An adaptive nonhydrostatic dynamical core using a multimoment finite‐volume method on a cubed sphere

Abstract

Abstract: An adaptive nonhydrostatic atmospheric dynamical core was developed on a Cartesian grid and extended to spherical geometry with the application of a cubed‐sphere grid. To assure a practical Courant‐Friedrichs‐Lewy number for stability, a horizontally explicit and vertically implicit algorithm was applied in this model through a third‐order implicit–explicit Runge–Kutta scheme. A two‐dimensional adaptive grid was applied in the horizontal directions to generate the computational meshes, with variable resolutions according to the evolution of the predicted variables during the simulations, while the vertical grid is fixed considering the characteristics of atmospheric flows and the computational efficiency in practical applications.

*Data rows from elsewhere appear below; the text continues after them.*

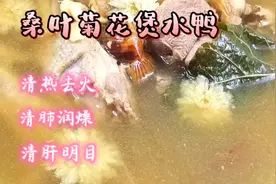 广东秋季润燥汤，桑叶菊花煲水鸭，清肝明目，滋阴润肺，清热解毒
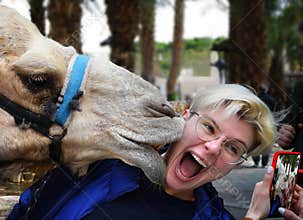 Camel is kissing pretty girl. Travel fun & smartphone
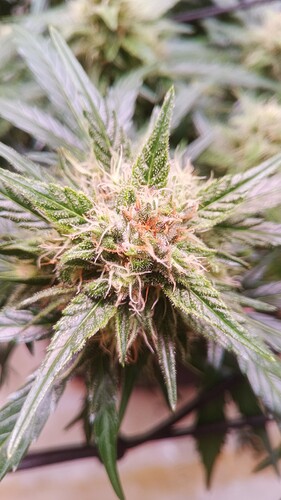 Growreport Bild 3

The Berger–Oliger block‐structured adaptive algorithm was adopted in this study. Blocks with different resolutions can be constructed straightforwardly on each patch of the cubed sphere and an algorithm to exchange both solution and block information between adjacent patches was designed in order to implement a global model. The nonhydrostatic governing equations are solved by a three‐point multimoment constrained finite‐volume scheme. Using the compact stencil for spatial reconstructions, the interpolation operations between coarse–fine blocks can be implemented efficiently and the local‐based scheme is also helpful to suppress the computational modes around the coarse–fine interfaces due to the abrupt change of grid resolution. Additionally, flux corrections were conducted along the block boundaries and the resulting dynamical core is rigorously conservative. The proposed model was evaluated by calculating several idealized benchmark tests, and the effectiveness of the adaptive model in saving computational costs was verified in this study.